Yesterday's New York Times featured an article on the paying-for-an-internship phenomenon. It turns out the company they site most frequently, University of Dreams, is in our building. While standing in the lobby, I've dreamt up many courses that this school could've had in it curriculum. None involved paying to work. Unless you have a broad definition of "work".

I think you need to be selective with whom you work, and I also think that artists deserve to be paid for their work. (Admittedly we've paid some people pretty badly, and there are few students that put in irregular hours for free -these flaws make us human) Those are a couple reasons why we don't jump head over heels at every student with a decent portfolio who wants to learn on the job.

In a few days will be posting some of our tips for "job hunting" as well.

Monday, August 10, 2009

Kalamazoo: Just For Cartoons?

Last year I got a call from Kalamazoo.

Everyone knows, if someone from Kalamazoo asks you for something, you do it right away.

Lisa Santoro was making a film for school on color and wanted to interview someone at the studio.

The result is a polished, professional documentary -the kind you might see on a rainy weekend afternoon on public television.

I sound like an idiot -but sometimes don't sound completely drooling thanks to her kind editing.

The film features interviews with Leslie Harrington - a color strategist, Carl Minchew -the director of color technology at Benjamin Moore paints, Patricia Lynn Duffy -a communications expert and author and noted synesthete, Dr. David Krumholtz -an ophthalmologist with color blindness.

An interesting facet of this film is the level of professionalism achieved by one woman working on a student project. A contributing point of interest is the genre (or more properly -method of inquiry).

The documentary form is as diverse as the technique of animation. Today we are in the middle of a documentary explosion. Films of vastly divergent approaches, perspectives, subject matters and styles are all finding a degree of success. Compare that to the films using animation as a method of inquiry, and it's easy to see the paucity of fresh ideas coming from animation programs in The United States and Canada.

Sunday, August 9, 2009


Three years after the release of "Who Framed Roger Rabbit?" the Disney Corporation decided to "expand the franchise", "capitalize on the market", "go cross-media" or whatever MBA doublespeak they use to make crappy toys and bad spinoffs from successful films.

Some time I'll write about my childhood experience with comics -which turned me off of the format until discovering Dan Clowes "Eightball" a few months after "Roger Rabbit's Toontown" issue #1 was release in August of 1991.

The first story was drawn by John Costanza and inked by Dave Hunt. Costanza has a pedigree in comics from animated characters, Hunt did a lot Marvel Comics superheroes.

The comic book demonstrates the strengths of "Roger Rabbit" the character. Roger Rabbit is about animation.
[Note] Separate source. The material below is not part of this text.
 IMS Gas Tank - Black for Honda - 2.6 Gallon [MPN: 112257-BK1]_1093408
He works in the film because he is frenetic, flexible, indestructible as only certain types of animated characters can be.
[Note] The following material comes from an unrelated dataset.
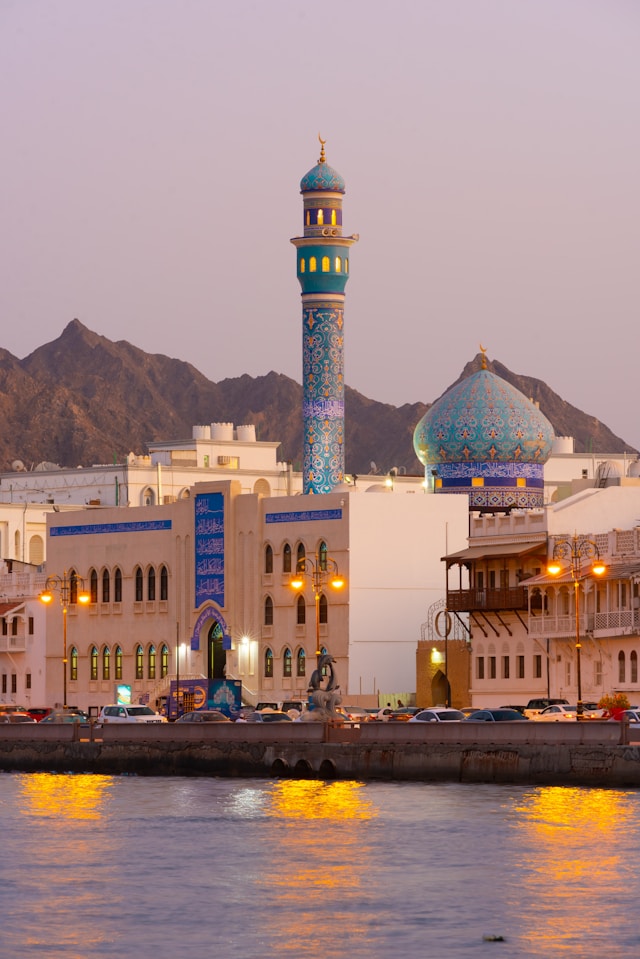 Mosque taken by Anfal Shamsudeen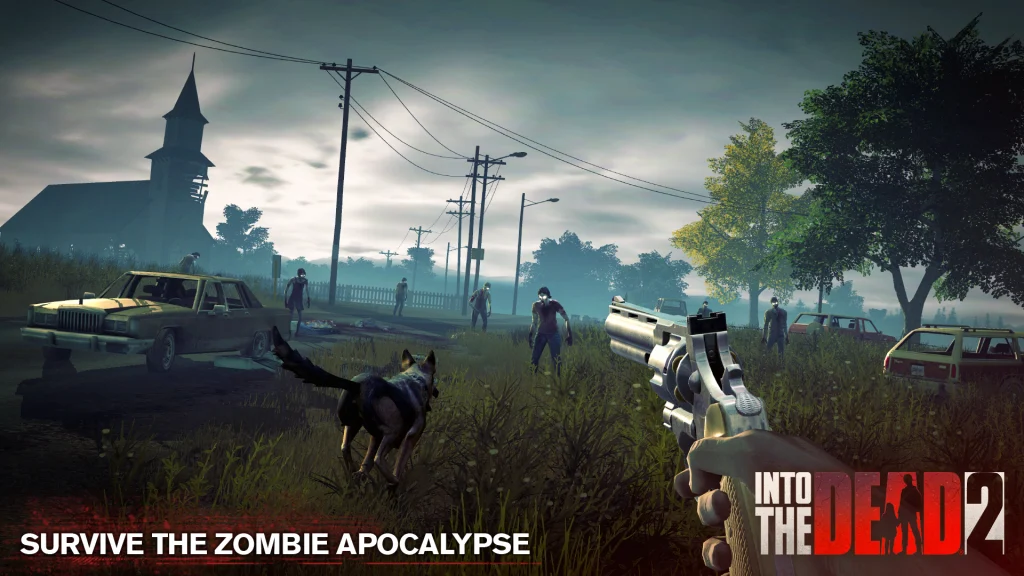 Into the Dead 2 cheats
Roger Rabbit is like the Platonic squash-and-stretch pratfall player.

Richard Williams' team understood this as animators, they crafted the character to exploit every trick their medium allows.

The panels above show how this doesn't translate to print.

The action lines, swallowed up by opaque white, weigh him down. The bulging eyes are more gross than comical. An animation cliché, humorous in the film, out of place on the page. Even the anthropomorphic fire hydrant, it's double take is funny if it exists in time -here it's simply crowds the frame. The eyes looking over the safe (in the previous panel the face of the safe has eyes) are a graphic nuisance which add little comedy or character in print. Even Roger's pose, it takes elements that might never exist in same frame of animation -the popped eyes, the jagged ears, the angular feet, the airborne position, the speed lines, the wagging tongue -and combines them into an awkward hold.

I think this panel is very nice. There's clear and sensitive inking. While you could complain about the overlap of the indian's finger and the thug's hat, I appreciate they didn't insist on the design-centric "no intersecting lines".